I've created an extracted field using the field extractor GUI in Splunk Seb. When I created it, there were two values for that field. Now that further logs have been processed, there is a new value for that extracted field.
The issue is that the new value does not appear in the field summary, only the previous two values show up. Also, searches for where the extracted field equals the new value do not return any results. But when I search for the new value as just text, the results are actually there.
Specifically, this is extracting the log message type (INFO,WARN,FATAL) from a custom application we've built. The regular expression generated by the field extractor GUI is:
^[^\[\n]*\[(?P<Event_type>\w+) which is meant to match the tag inside of the brackets from logs that look like this:
2016-12-14 01:02:03 [INFO] Process started. 2016-12-14 01:03:04 [WARN] Some error has happened. 2016-12-14 01:03:44 [INFO] Reticulating splines. 2016-12-14 01:04:05 [FATAL] Process failed!
You can see here that the extracted field is working for two values:
I've even tried to use the field extractor GUI again on one of the results that does have the new value for this field. But it shows that it is already recognized as the extracted field I created:
So why is the new value not appearing in the summary or able to be searched directly using the extracted field?

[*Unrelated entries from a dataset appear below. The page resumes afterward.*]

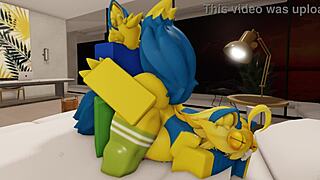 毛茸茸情侣在Roblox房子里性交。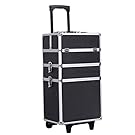 SONGMICS 4-in-1 Rolling Makeup Train Case with wheels Lockable Professional Artist Trolley Cosmetic Organizer Box with Lift Handle 4 Trays 1 Organizer Black UJHZ01B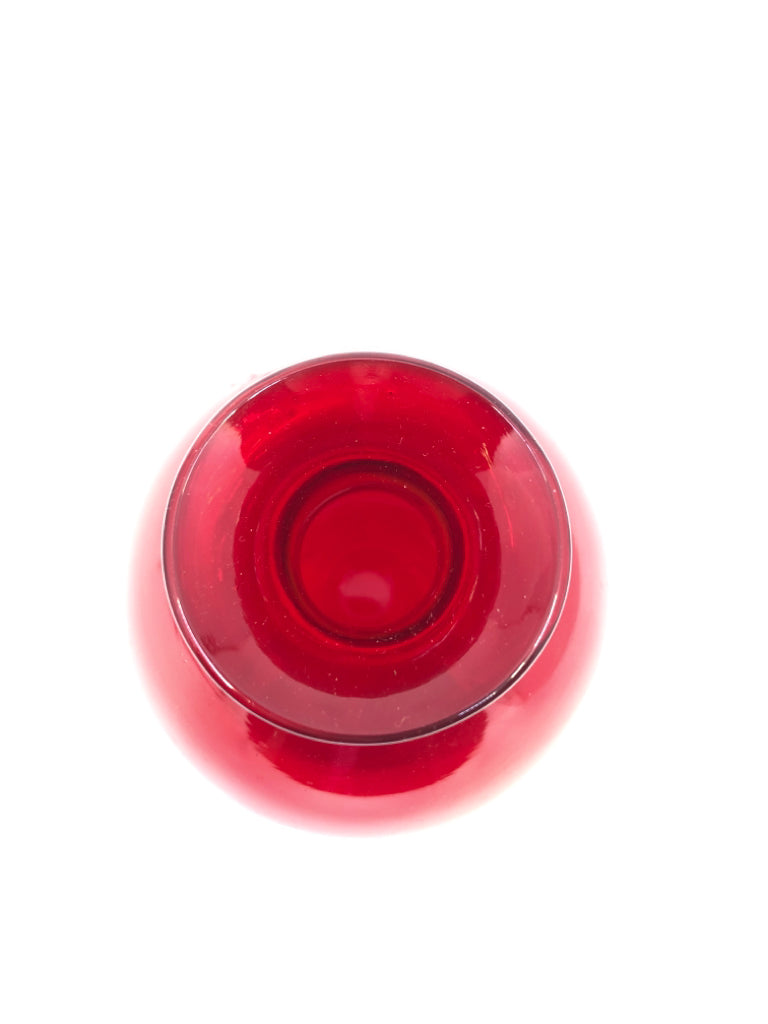 RED GLASS BUBBLE VASE.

Please try this regex and it should work all the time whether you use it at searchtime or extraction time:
If you want to search, try:
your query to return events | rex field=_raw "\d\s\[(?<Event_type>[^\]]+)\]\s" | table Event_type
Thanks for the answer. But I'm curious to know why the regex generated by the UI doesn't work as I would expect it to? And for that matter how/why does the regex you've provided fix it? This is something I assume I'll be needing to handle in the future so I'd like a better understanding of where I went wrong. I did look at the documentation for field extraction but I didn't see anything that seemed to call out that this would happen. Links to relevant doco would be very appreciated as well.
Since the regex that gets built in extraction considers the logline that you have selected, hence chances are the regex that got built might not be suitable for some of the cases and
regex that got built is more strict to match the
logline like cases.
Why my regex worked, as it was more generalized regex which fitted all cases you provided:
look for a digit, then a space, then a square opening bracket and capture everything till you see the closing square bracket, look for a closing square bracket and a space to follow
How to check if something like this will happen again?
non-matches tabs during extraction to see if if there are some cases where the regex which got built didn't work out so you can tweak something in there. If the
non-matches are 0 then the regex will work in all the cases which got loaded.
I've updated the regular expression for my existing extracted field to the one you provided and it still only returns the original two values. Is there some setting I'm missing to force it to re-index the values for the field? The settings for the extracted field appears to just be the expression used to define it.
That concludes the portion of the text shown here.